As a disclaimer, Anderson did allow Jokić to score 12 points in 15.2 possessions this year. He also held him to a 1.5 assist-to-turnover ratio, and six of Jokić’s points came from 3-pointers. While those aren’t ideal numbers, it was also an extremely small sample size from only two matchups over two months ago.

Putting Anderson in the starting lineup to guard Jokić makes sense on its own, but it also complicates some of the other matchups. Mike Conley can matchup on Jamal Murray or Kentavious Caldwell-Pope. Anthony Edwards can then take either Jamal Murray or Michael Porter Jr. Gobert on Aaron Gordon makes a ton of sense as Gobert won’t have to worry about outside shooting and can help protect the rim. That leaves us with Towns.

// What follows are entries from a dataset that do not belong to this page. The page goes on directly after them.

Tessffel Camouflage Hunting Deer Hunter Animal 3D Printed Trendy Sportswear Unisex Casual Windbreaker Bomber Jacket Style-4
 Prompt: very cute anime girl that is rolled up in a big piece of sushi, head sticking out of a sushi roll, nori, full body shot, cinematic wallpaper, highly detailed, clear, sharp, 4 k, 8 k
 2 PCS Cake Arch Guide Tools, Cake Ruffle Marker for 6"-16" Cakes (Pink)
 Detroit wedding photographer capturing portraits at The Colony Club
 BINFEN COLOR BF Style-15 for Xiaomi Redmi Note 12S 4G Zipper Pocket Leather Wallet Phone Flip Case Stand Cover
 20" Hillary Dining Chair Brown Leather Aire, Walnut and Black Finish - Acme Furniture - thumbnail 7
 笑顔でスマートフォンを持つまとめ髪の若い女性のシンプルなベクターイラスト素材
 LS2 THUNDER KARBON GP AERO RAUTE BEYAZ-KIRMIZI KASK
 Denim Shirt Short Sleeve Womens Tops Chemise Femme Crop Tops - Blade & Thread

Unfortunately, there isn’t a seamless option, but Porter might be it. I know, having Towns guard on the perimeter against someone who is averaging 17.4 points on 48.7/41.4/80 shooting splits doesn’t sound ideal. However, the bulk of Porter’s offense is pretty stationary as 34.2% of his possessions are spot up attempts and 64.5% of his jump shot attempts are off the catch. Porter also covers the least amount of ground on offense of the starting group and has the 4th slowest average speed on offense, per NBA Tracking. It isn’t an ideal solution, but if Towns, and I know this is going to sound like a lot to ask, can be disciplined of sticking with Porter, not helping off on drives, and immediately finding him in transition, it could work.

No one is giving the Timberwolves a chance to win this series as they’ve had a tumultuous season while the Nuggets have sat at the top of the conference for months. There is plenty that goes into a complicated matchup like this, but how the Timberwolves choose to defend will be fascinating. It’s a long shot, but taking away Jokić’s playmaking and forcing him to be a scorer feels like their best shot.